I tried applying 77,78,79 and 80 to the equation again. But it didn't work

Answer 21

How about defining, in your own words, what characteristics solution x must have? Perhaps that would help.

Answer 22

1.) x should be an integer
2.) sum of four integers should equal to 100
3.) those four integers should obey the given formula

Answer 23

I'm still thinking about your statement, "Taking the integer parts of some numbers ... "

Is that your interpretation of what I was doing?

Actually, I was suggesting summing up 30x/60 + 20x/60 + 15x/60 + 12x/60 and setting the result = to 100. This is not the same thing as summing up the floors (integer parts) of the fractions x/2, x/3, x/4 and x/5, is it?

Now, back to your specs for x:
1) x must be an integer: agreed
2) the sum of the four integers [x/2], [x+3], etc., must be 100. Agreed. Hadn't thought of this situation in those words until now.
3) those four integers must obey the given formula: Isn't this statement the same as (2)?

Answer 24

Actually, I was suggesting summing up 30x/60 + 20x/60 + 15x/60 + 12x/60 and setting the result = to 100. This is not the same thing as summing up the floors (integer parts) of the fractions x/2, x/3, x/4 and x/5, is it?

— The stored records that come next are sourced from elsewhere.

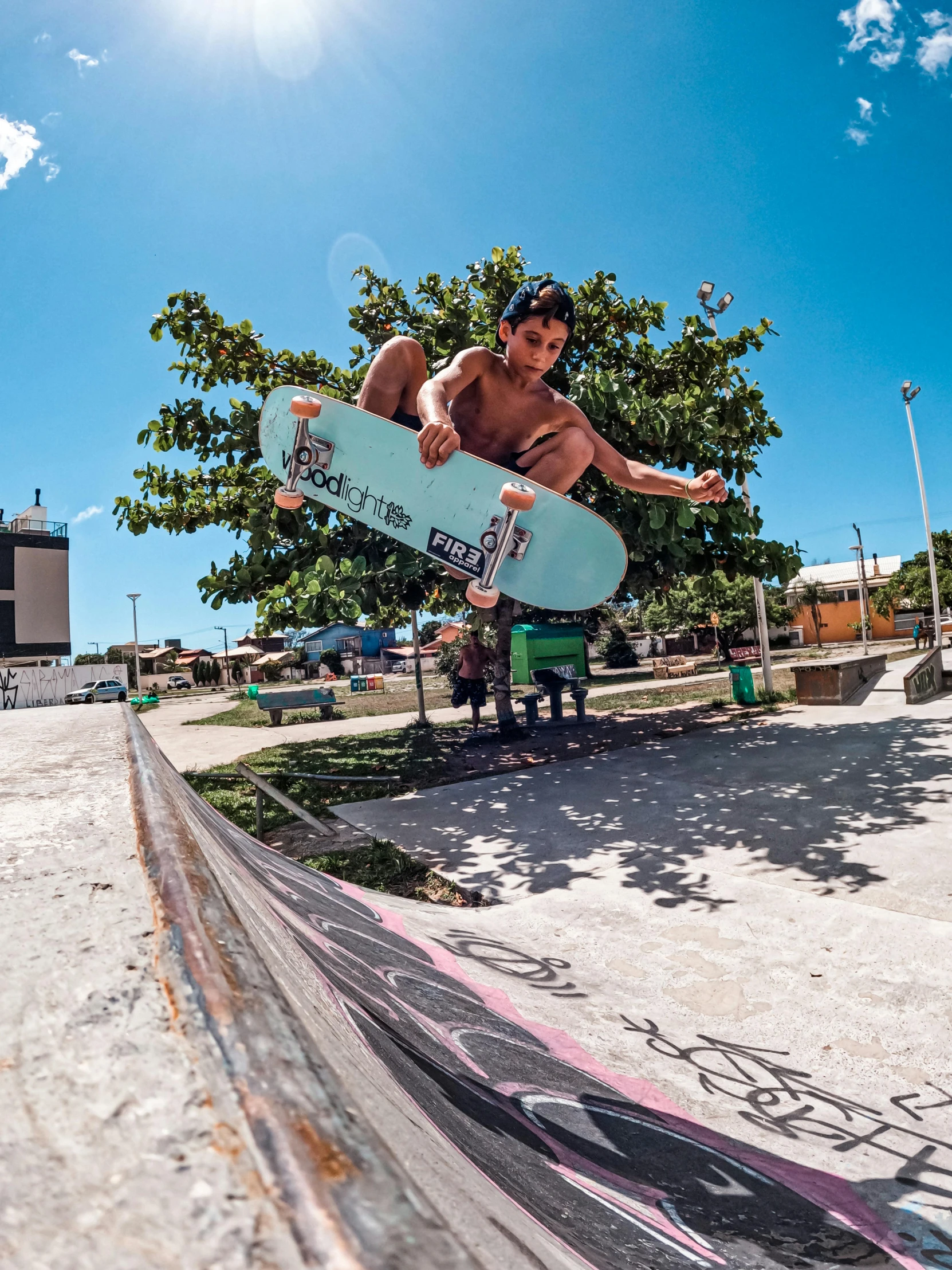 a man in the air on a blue skateboard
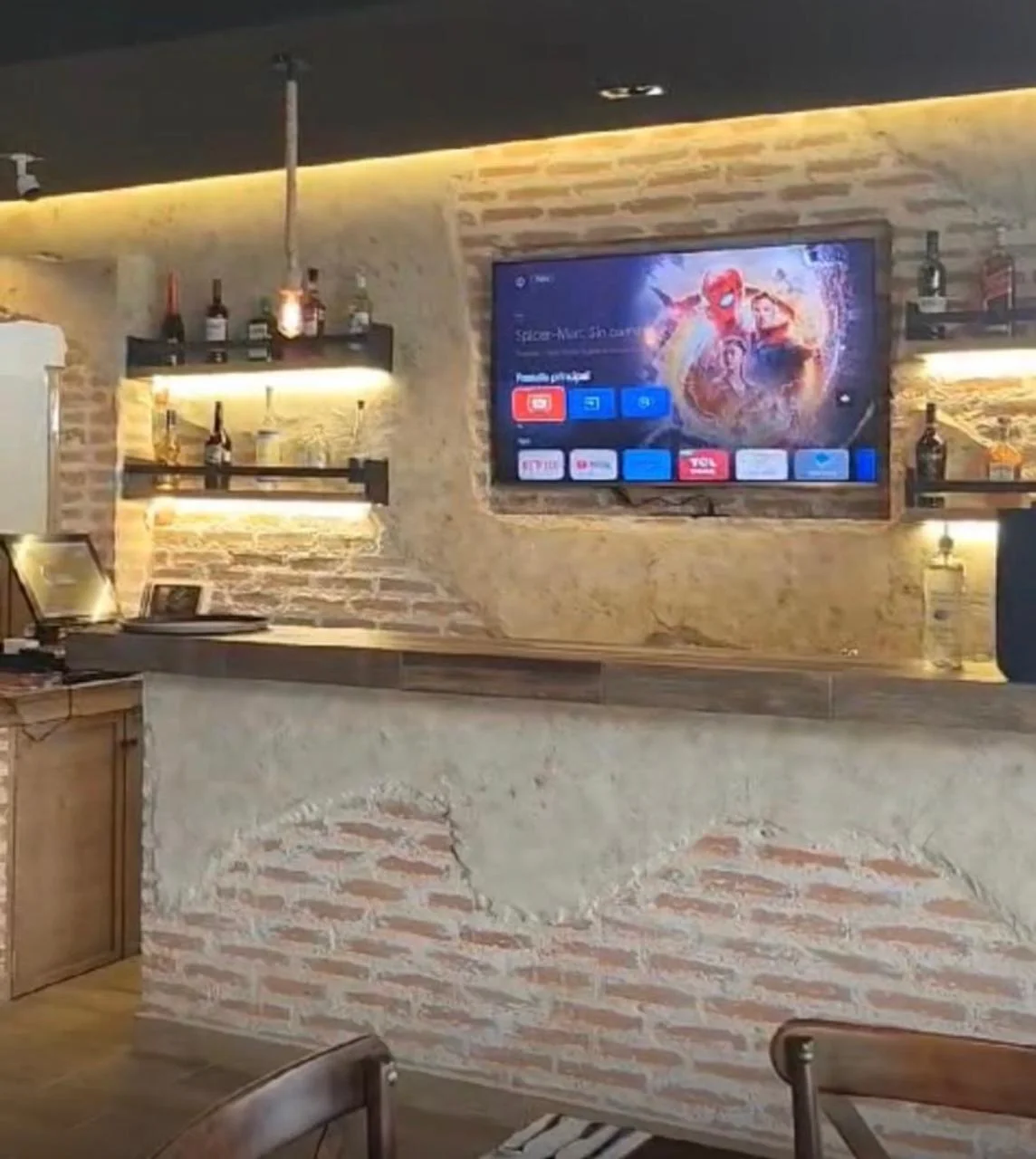 Bar recreativo con muros de ladrillo aparente e iluminación integrada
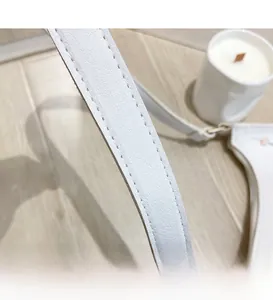 Close-up of white lychee leather shoulder strap with stitching and flower embroidery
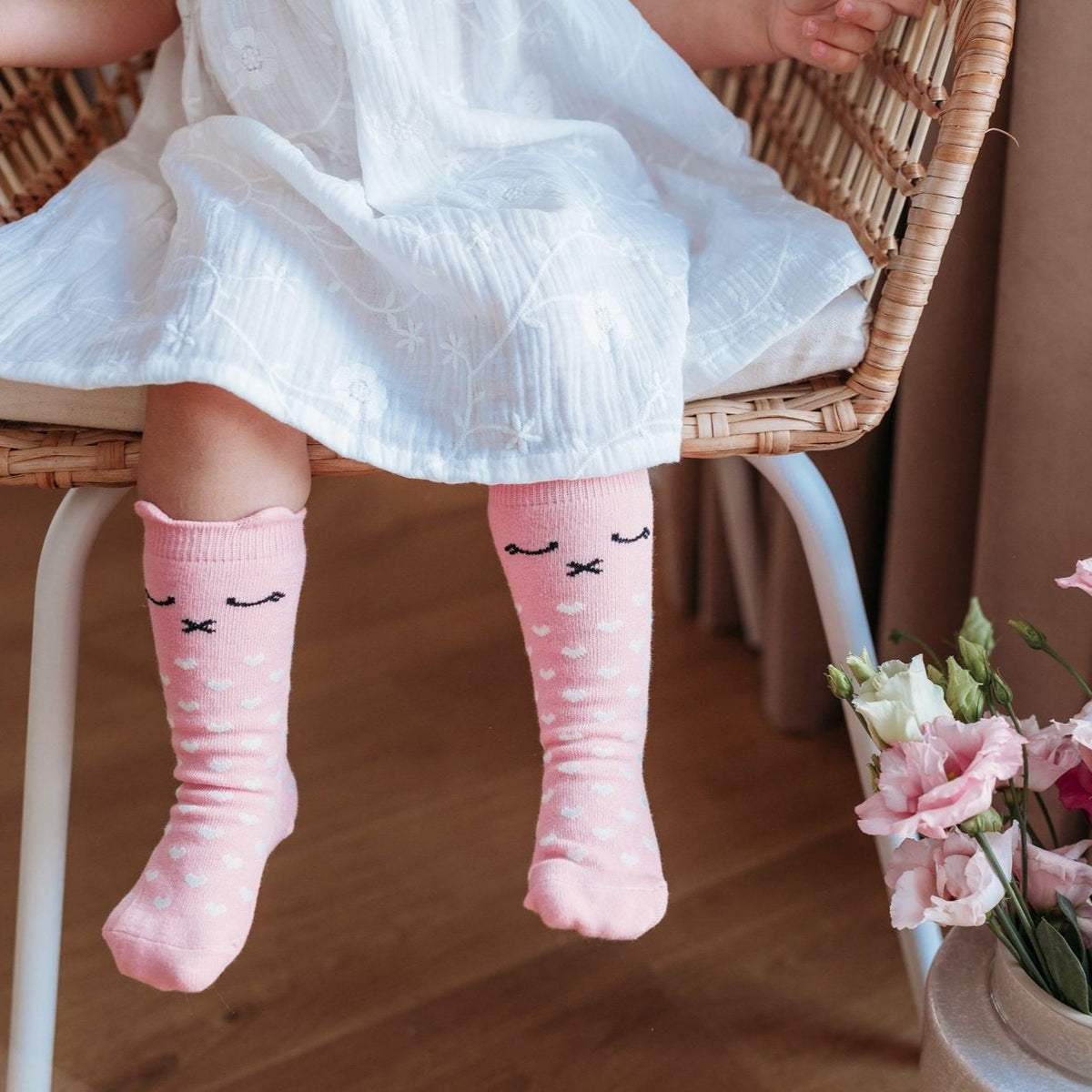 Roze Lilly a Pinky Kitty kniekousen met kattengezichtjes en witte hartjes, gedragen onder een witte jurk.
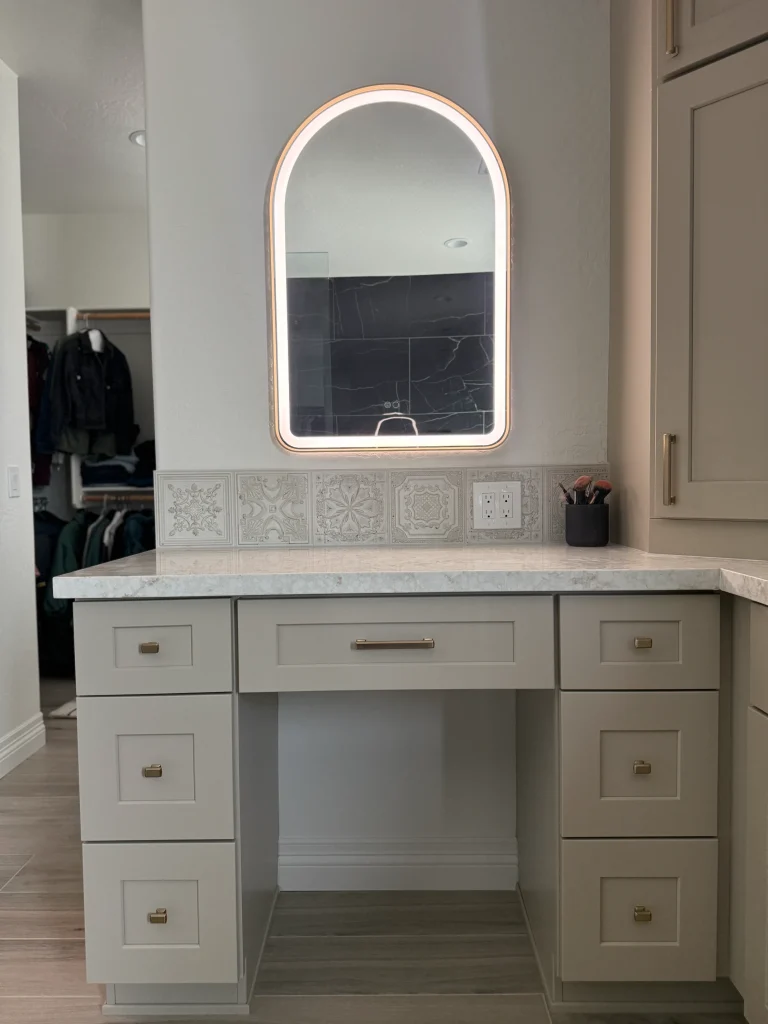 Custom bathroom makeup vanity with taupe cabinetry, quartz countertop, decorative tile backsplash, and illuminated arched mirror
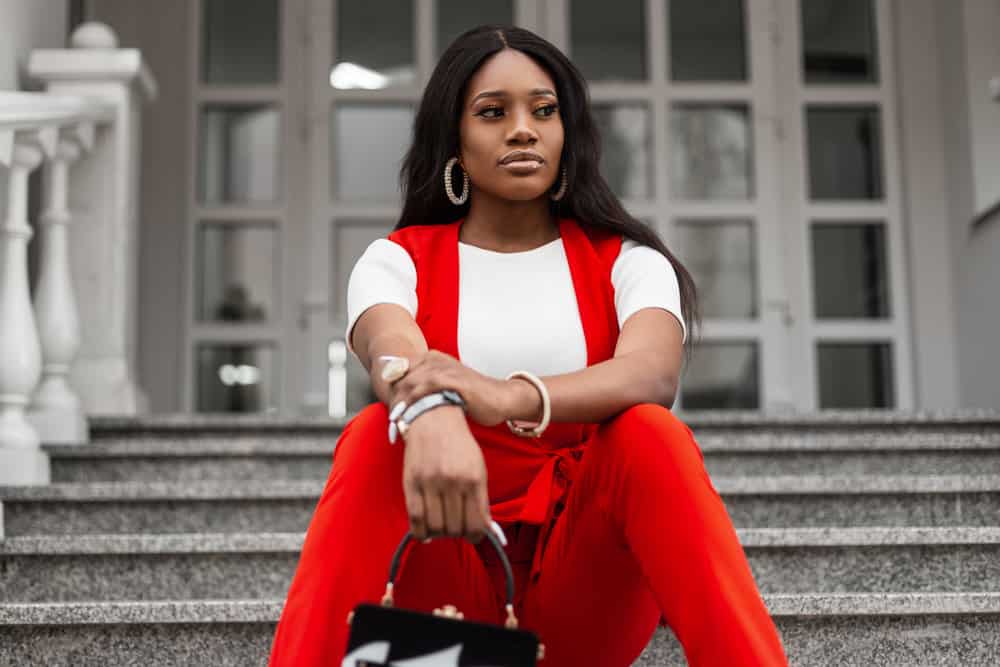 A young African woman is wearing a natural hairline lace front wig with mid-back wig length.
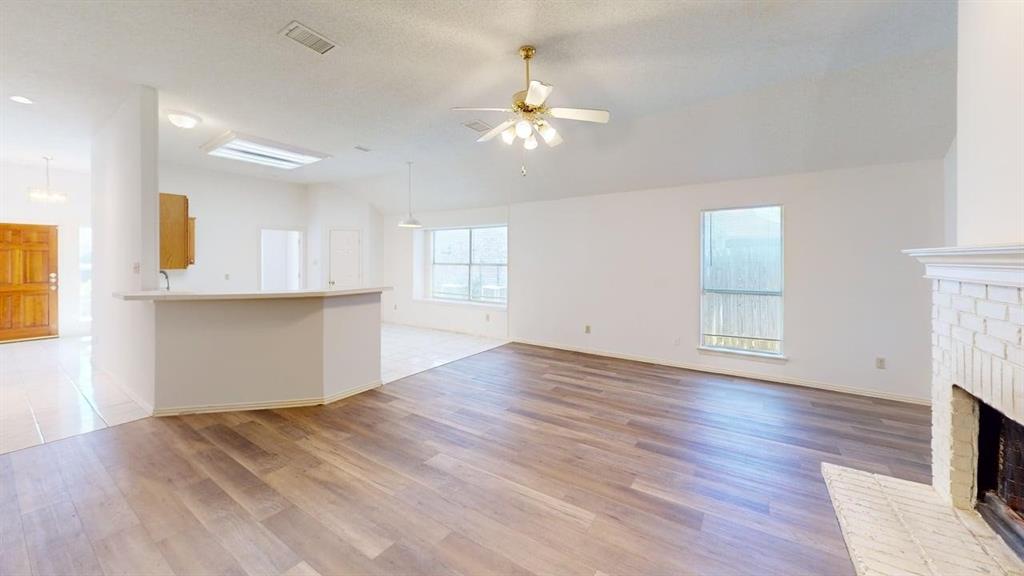 Open-concept living space featuring wood-finish flooring, vaulted ceilings, a brick fireplace, and a breakfast bar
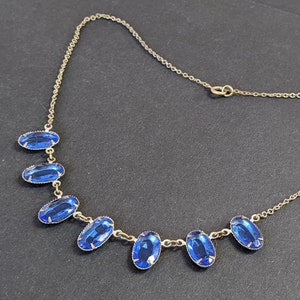 Antique / vintage sapphire blue crystal necklace, blue faceted glass oval stones, gold tone open backed settings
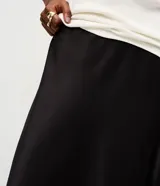 Pollera midi de satén color negro, con corte evasé y cintura elástica. Presenta una caída fluida y suave con acabado brillante.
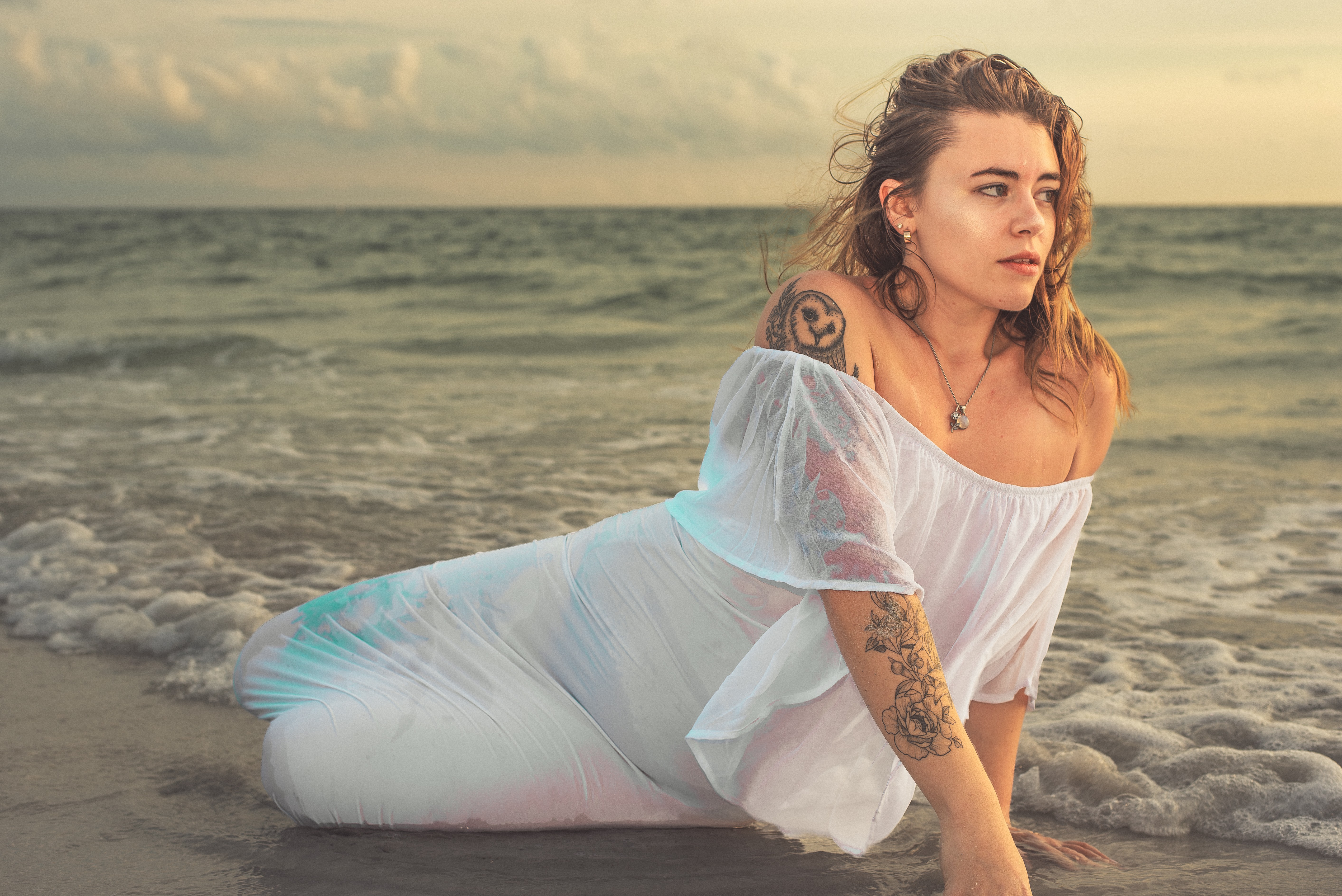 Woman sitting on the beach with ocean waves in the background, wearing a white off-shoulder dress, looking to the side.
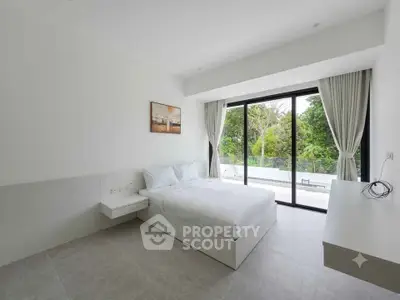 Spacious bedroom with large windows and serene garden view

yes they are not the same I think

Answer 25

I'm hitting my head against a stone wall at the moment. Is it conceivable that this problem has no solution if x must be an integer? Didn't you say you went through various integers manually to identify a solution by trial and error?

Answer 26

30x/60 + 20x/60 + 15x/60 + 12x/60 will give me 77x/60
x=77.999
then I tried 77, but it sums up to 97
then 78, but it sums up to 99
then 79, still to 99
then 80, sums up to more than 100

Answer 27

Doesn't that seem to imply that there's no integer value of x that is a solution?

Answer 28

My prof won't take trial and error as a valid way of proving this since it's higher level math problem solving course.
That's the concern that I have.
trial and error method doesn't seem suitable for the question :(

Answer 29

plus we are not allowed to use calculators

Answer 30

Supposing, in the equation you've presented, that you replace the = sign with <=. Wouldn't there be a fair number of integer solutions x? Were you to restrict the given expression further, by writing something like 75 < [x/2]+[x/3] (etc.) <= 100, you'd get a solution set looking something like {77,78,79}?

Answer 31

You have aptly eliminated the integer 80 as a possible solution, and demonstrated that 77, 78, 79, when subst. individually into the given equation, do not produce the final, required sum 100.

So, we've tried algebraic methods to determine x, and have, apparently, failed at that; and we've tried a couple of values {77, 78, 79}, all of which are integers, all of which produce sums just less than 100, but none of which produce the sum of exactly 100. What more could your prof ask? Try putting yourself in his shoes and see whether you could answer that.

Answer 32

okay, If I couldn't come up with something by tomorrow I'll do that. Any really appreciate your effort dude. That is one way of writing the solution in a proper manner. Thanks again.
I've got to go. This is only one question due tomorrow, I have 5 more to mess around with. Thank you for your time

Answer 33

@triciaal @mathmale thanks alot for you time guys

Answer 34

There is a number, x= 77.999 (which you yourself have found), which would be a solution were it not for the fact that x must be an integer.

My pleasure, really. Great discussion. Glad you recognize that it's high time to move on to those other problems.

Answer 35

is it 5?
77-60 = 17
17x/60 = 100
using only the fractions 100/17 =5 integer only